AWS Lambda: How to set up a NAT gateway for a lambda function with VPC access
I found a good detailed tutorial on how to allow your lambda to connect to both VPC ressources and the internet here: https://gist.github.com/reggi/dc5f2620b7b4f515e68e46255ac042a7
A quick walk-through:
- setup new subnets for your lambda (with CIDRs not overlapping your existing subnets). You need:
- one subnet which will be pointing to an Internet Gateway (IGW) to be used by the NAT (let's call it A)
- several pointing to the NAT to be used by your lambda (B, C and D)
- add a NAT gateway: set the subnet to A
- set your lambda VPC subnets to B, C and D
- create 2 routes table:
- one that points to your NAT with destination 0.0.0.0/0
- one that points to your IGW (should already exists) with destination 0.0.0.0/0
- update the subnet A to use the route table pointing to the IGW
- update the subnets B, C and D to use the route table pointing to the NAT
Hope this helps.
You need both the IGW and the NAT gateway for this to work.
In the public subnets (ones you want to reach from outside) point the 0.0.0.0/0 traffic to the IGW gateway. The NAT gateway itself needs to sit in one of these public subnets.
In the private subnets that you want to NAT point 0.0.0.0/0 traffic to the NAT gateway elastic network interface.
If 0.0.0.0/0 is aleady bound to the gateway you need to remove that and add it pointing the NAT gateway.
See: http://docs.aws.amazon.com/AmazonVPC/latest/UserGuide/vpc-nat-gateway.html
You need two different subnets. It sounds as if you only have one.
Lambda can only use private subnets inside VPC.
Definition of a private subnet: the default route is a NAT instance (which most be on a different, public subnet) or a NAT Gateway, and no machines in the subnet have a public IP address. Machines with public IP addresses are allowed on a private subnet, but for the most part, they will not work properly, because this is technically a misconfiguration.

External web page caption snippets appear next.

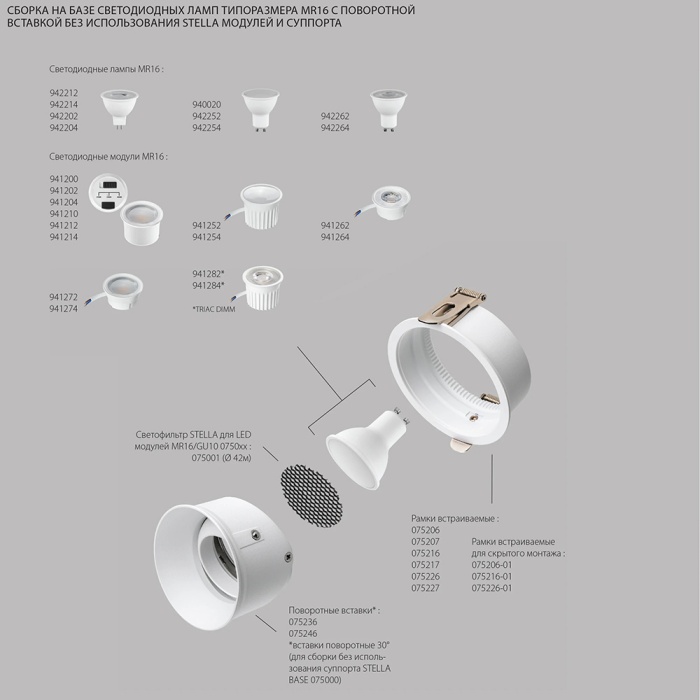 Картинка товара № 3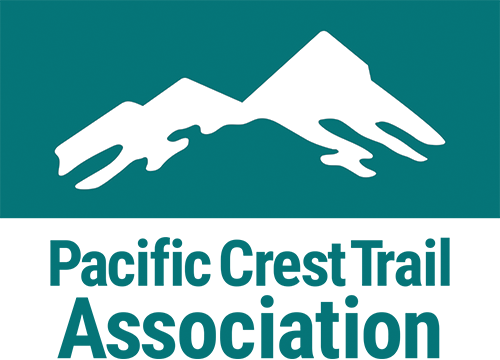 Pacific Crest Trail Association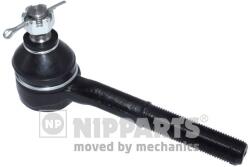 NIPPARTS Cap de bara NIPPARTS J4821010 (J4821010)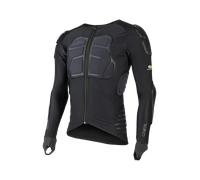 Oneal STV Protektorenjacke, schwarz, Größe M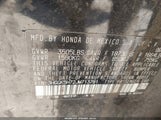Honda Fit Sport 3HGGK5H72JM713781 снимка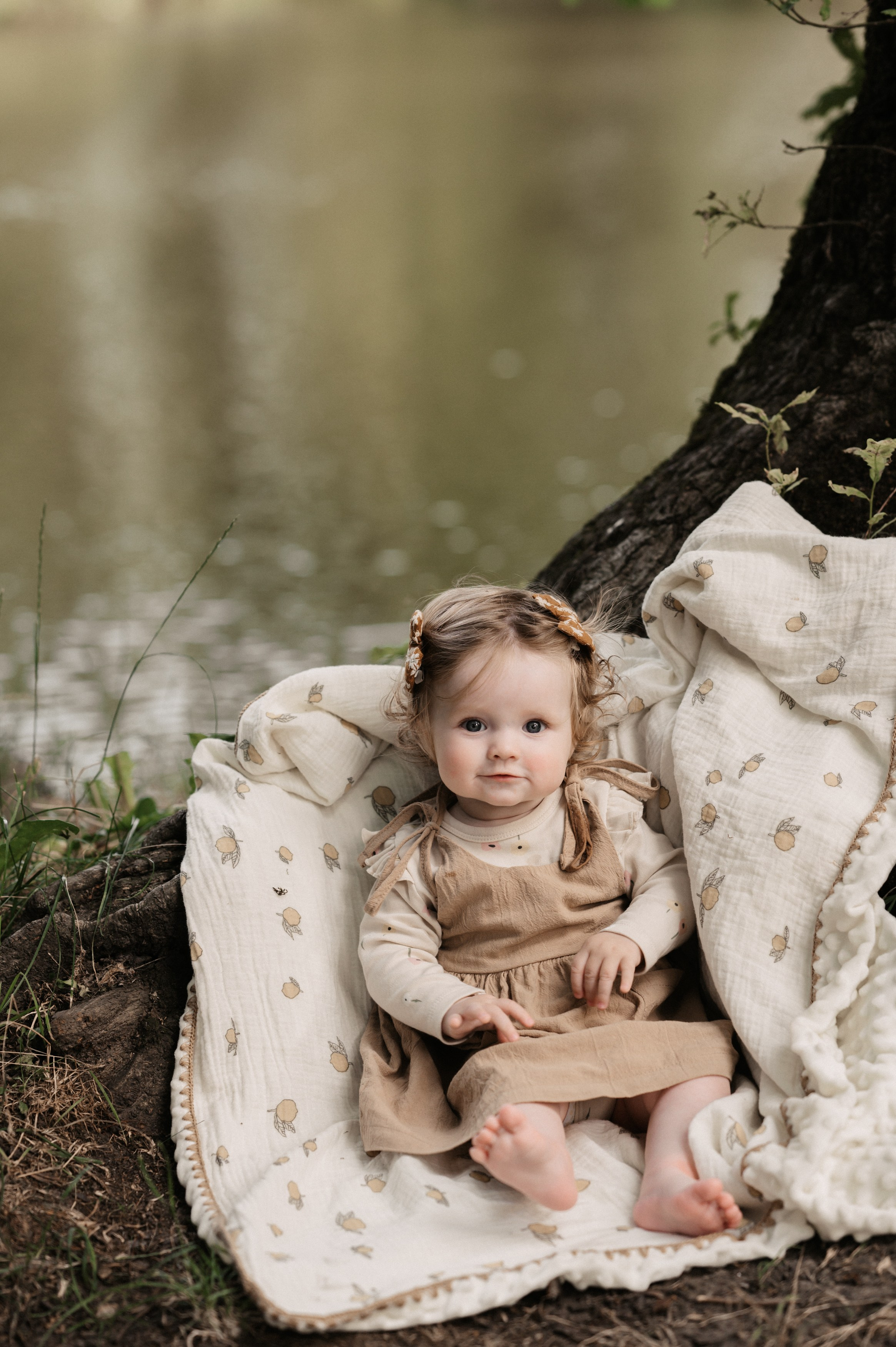 Family day. Фотограф Ким Ангелина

Definition of a public subnet: the default route is the igw-xxxxxxxx
Internet Gateway object, and machines have public IP addresses assigned. Machines without public IP addresses are allowed on a public subnet, but they will not be able to access the Internet, because this is a misconfiguration.
It sounds like you are trying to change your existing subnet from public to private by changing the default route. As expected, this breaks other things.